In the cell below, we will create an RDD using `map()`, and will then call `count()` on this RDD twice. As in the previous examples, we will calculate the time required by each method call.

In [0]:
t1 = time.time()
my_rdd = rand_rdd.map(lambda x : x**2)   # Square each element of rand_rdd
t2 = time.time()
my_rdd.count()                           # Count elements in my_rdd
t3 = time.time()
my_rdd.count()                           # Count elements in my_rdd
t4 = time.time()

print('Map Time:     ', t2 - t1)
print('Count 1 Time:', t3 - t2)
print('Count 2 Time:', t4 - t3)

Notice that each `count()` action in the cell above took roughly the same amount of time to run. Much of the required to perform this action is actually spent performing the queued `map()` transformation. This transformation will get performed from scratch both times `count()` is called. 

To see this, we will modify the example above by persisting `my_rdd` after calling `map()`.

In [0]:
t1 = time.time()
my_rdd = rand_rdd.map(lambda x : x**2)   # Square each element of rand_rdd
t2 = time.time() 
my_rdd.persist()                         # Persist my_rdd
t3 = time.time()
my_rdd.count()                           # Count elements in my_rdd
t4 = time.time()
my_rdd.count()                           # Count elements in my_rdd
t5 = time.time()


print('Map Time:    ', t2 - t1)
print('Persist Time:', t3 - t2)
print('Count 1 Time:', t4 - t3)
print('Count 2 Time:', t5 - t4)


Notice that the second `count()` action takes significantly less time to run in this version of the example.
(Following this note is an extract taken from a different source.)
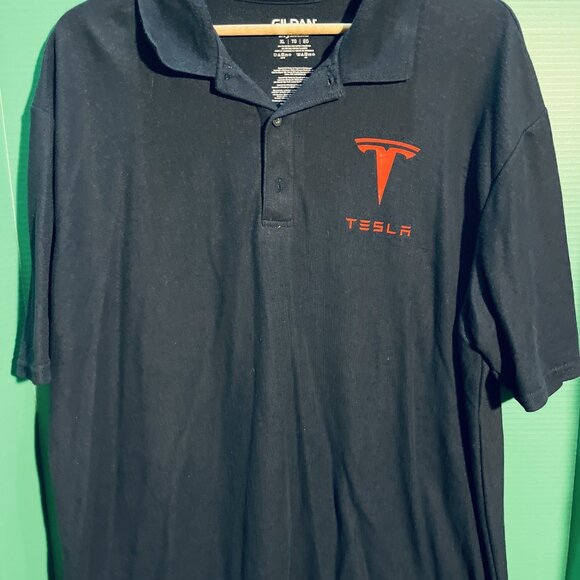 Gildan Other - Tesla Logo Polo Shirt XL Black Red Embroidered Gildan Performance Workwear Tech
The `map()` transformation defining `my_rdd` is performed when the first `count()` is called, but it is then stored in memory. As a result, the second call to `count()` does not need to recalculate `my_rdd` and needs only to count the elements in it.

### Example 4

In the next example, we will work with an RDD that is expensive to create. To simulate an expensive operation for creating an RDD, we will define a function that performs several pointless calculations, but then returns the square root of the input.
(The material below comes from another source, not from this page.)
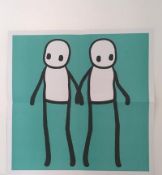 STIK Holding Hands by Stik, 2020 limited Edition in a series of colours (Turquoise) Hackney Toda...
In the cell below, we define `sqrt_rdd` using `map()` and `expensive_fn()`. We define `filtered_rdd` based on `sqrt_rdd`, on which we call `sum()` and `count()`. When either of these final two actions are called, both `sqrt_rdd` and `filtered_rdd` are recalculated from scratch.

In [0]:
t1 = time.time()
sqrt_rdd = rand_rdd.map(lambda x : x ** 0.5)          # Take the square root of each RDD element
t2 = time.time()
filtered_rdd = sqrt_rdd.filter(lambda x : x < 0.1)    # Filter out some elements of the RDD
t3 = time.time()
n = filtered_rdd.count()                              # Count elements in filtered RDD
t4 = time.time()
total = filtered_rdd.sum()                            # Sum elements in filtered RDD
t5 = time.time()

print('Map Time:   ', t2 - t1)
print('Filter Time:', t3 - t2)
print('Count Time: ', t4 - t3)
print('Sum Time:   ', t5 - t4)

In the cell below, we call `persist()` on `filtered_rdd`. Notice that the `count()` still takes a long time to calculate (since neither `sqrt_rdd` or `filtered_rdd` are calculated until this step). However, the `sum()` is now performed much more quickly.

In [0]:
t1 = time.time()
sqrt_rdd = rand_rdd.map(lambda x : x ** 0.5)                # Take the square root of each RDD element
t2 = time.time()
filtered_rdd = sqrt_rdd.filter(lambda x : x < 0.1)          # Filter out some elements of the RDD
t3 = time.time()
filtered_rdd.persist()                                      # Persist filtered RDD
t4 = time.time()
filtered_rdd.count()                                        # Count elements in filtered RDD
t5 = time.time()
filtered_rdd.sum()                                          # Sum elements in filtered RDD
t6 = time.time()

print('Map Time:    ', t2 - t1)
print('Filter Time: ', t3 - t2)
print('Persist Time:', t4 - t3)
print('Count Time:  ', t5 - t4)
print('Sum Time:    ', t6 - t5)

In [0]:
filtered_rdd.unpersist()
# to free up the memory